Magnetorheological (MR) fluid dampers are the most promising devices for practical vibration control applications because they have many advantages such as mechanical simplicity, high dynamic range, low power requirements, large force capacity and robustness.
This paper aims to study the dynamical behavior of a linear MR fluid damper through experiments. Also, an efficient and simple model is developed to identify the damping force as a function of the damper velocity, acceleration and applied voltage to the magnetic coil, without using any complicated mathematical or differential equations, which will be very useful for large and complicated applications.
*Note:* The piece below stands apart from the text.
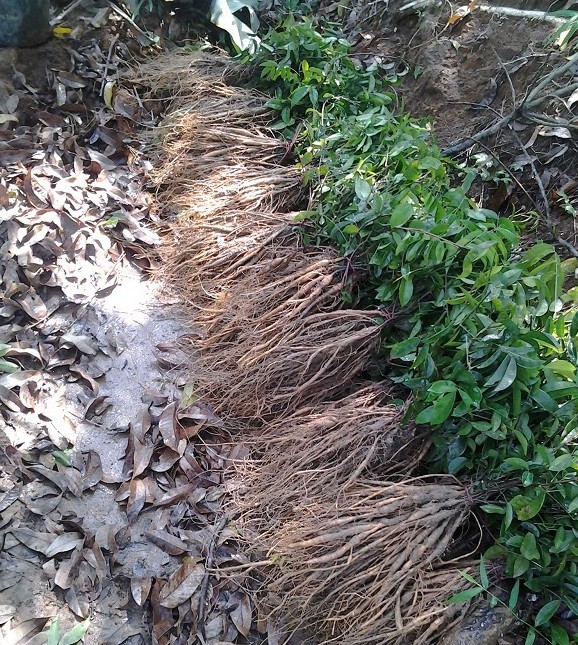 海南牛大力种苗-工商代理\/注册-北海365网(bei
The identified parameters of the MR damper are obtained using trial-and-error methodology. The validation is done using the dynamical behaviour of MR damper for both experimentation and simulation, by solving the modified Bouc-Wen (M B-W) model that can predict the dynamical behavior of MR dampers accurately. In the experimental stage, the data are generated through dynamic tests with the damper mounted on a tensile testing machine. Validation data sets representing a wide range of working conditions of the damper, under sinusoidal loading, clearly show that the use of the proposed model can reliably represent the dynamical behaviour of MR dampers as a function of known velocity, acceleration and input voltage.
Furthermore, a useful parameter that can be employed to characterize the MR damper is the amount of energy that dissipates in one cycle of MR damper operation. The energy dissipation of the proposed MR damper model and the modified Bouc-Wen model are analyzed and compared to show the effectiveness of the proposed model.